When I transfer from the FV to a bottling bucket, no matter how much I try, I always get little bubbles forming on the top of my beer. Is a little oxidisation normal / acceptable or am I doing something wrong?

I use a length of 12mm silicone tubing and always place the end at the bottom of the bucket, with the flow of liquid "softened" by pointing it at the side
 
Hi @bikesandbeer
This is quite normal when transferring beer or wort - you're doing the right thing.
Once there is sufficient beer in the bottling bucket, allow the tube to sit beneath the surface - make sure the exterior of the tubing has been sanitised as well as the interior.
Sorry, Grandmother and suck eggs situation!
 
Hi mate, No need to apologies we are all still learning.
Just minimise any splashing when transfering your beer into the bottle, try not to leave too much head space.
I used to cut an angle on my tubing and put it at the bottom of the bottle and filled it to the top. when you take the tubing out you will have the perfect headspace.
Get yourself a bottle filler wand like https://www.wilko.com/en-uk/wilko-bottling-wand-with-tap/p/0441127
much easier to fill a bottle.
 
I'd say it's probably not even oxygen just some of the CO2 that the beer has absorbed during fermentation getting released. I wouldn't worry about it.

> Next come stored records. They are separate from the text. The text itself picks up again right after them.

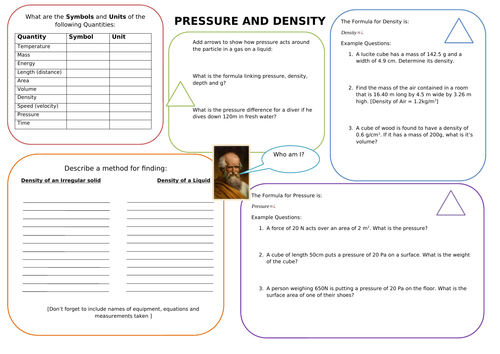 Pressure and Density Revision Mat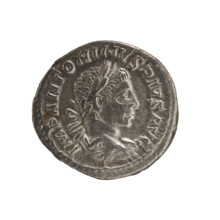 Denarius of Elagabalus (reigned 218–222). Obverse: Bust of Elagabalus with laurel wreath and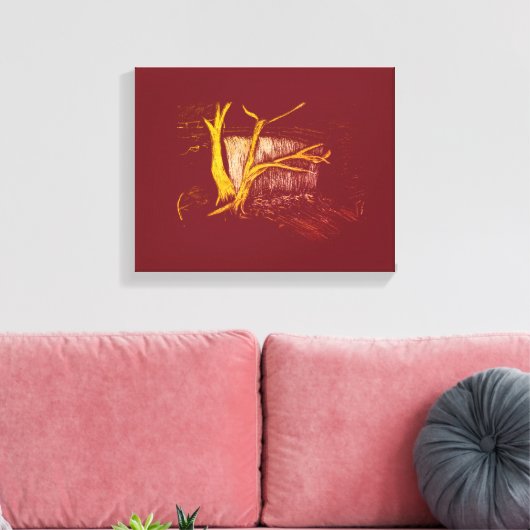 White Gold Wasserfall Canvas Print Leinwanddruck (Insitu (Wohnzimmer))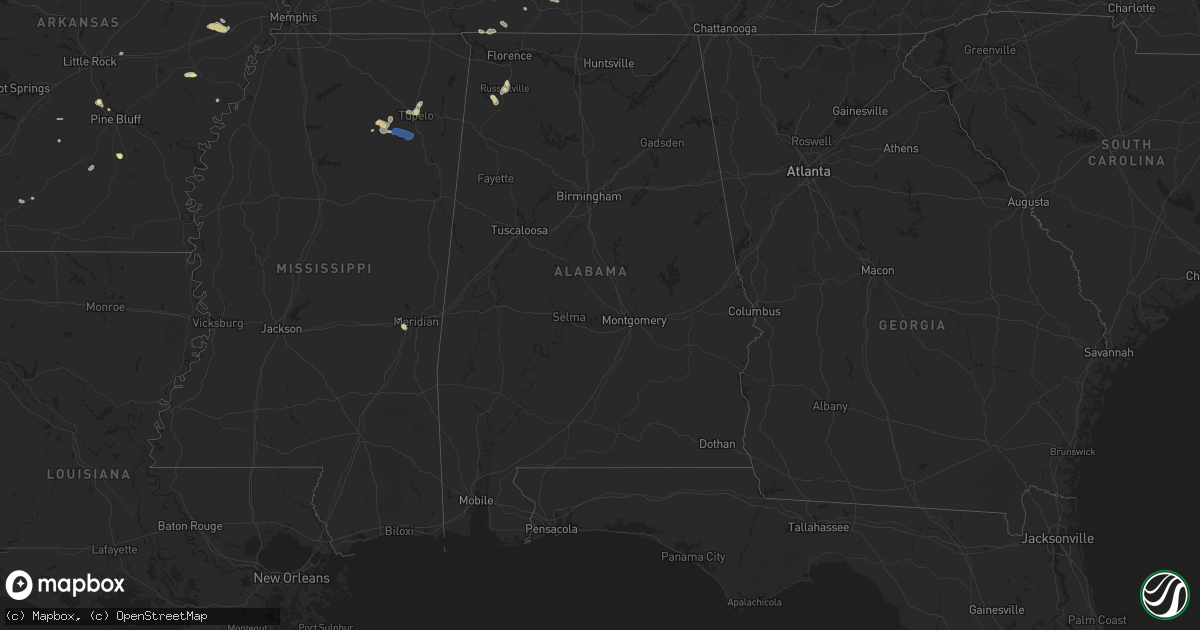 Hail map in Alabama on September 19, 2025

No worries regarding the questions by the way, we were all new to this lark once and when I started out there was no Internet just my Dad to ring :)
 
The little bubbles you see surfacing when the liquid level drops as you siphon the beer out of your FV are CO2 bubbles, so nothing to worry about. And in my view, provided you take reasonable precautions not to splash your beer about when you transfer into the bottles, there is little likelihood of oxidation, so nothing to worry about there too.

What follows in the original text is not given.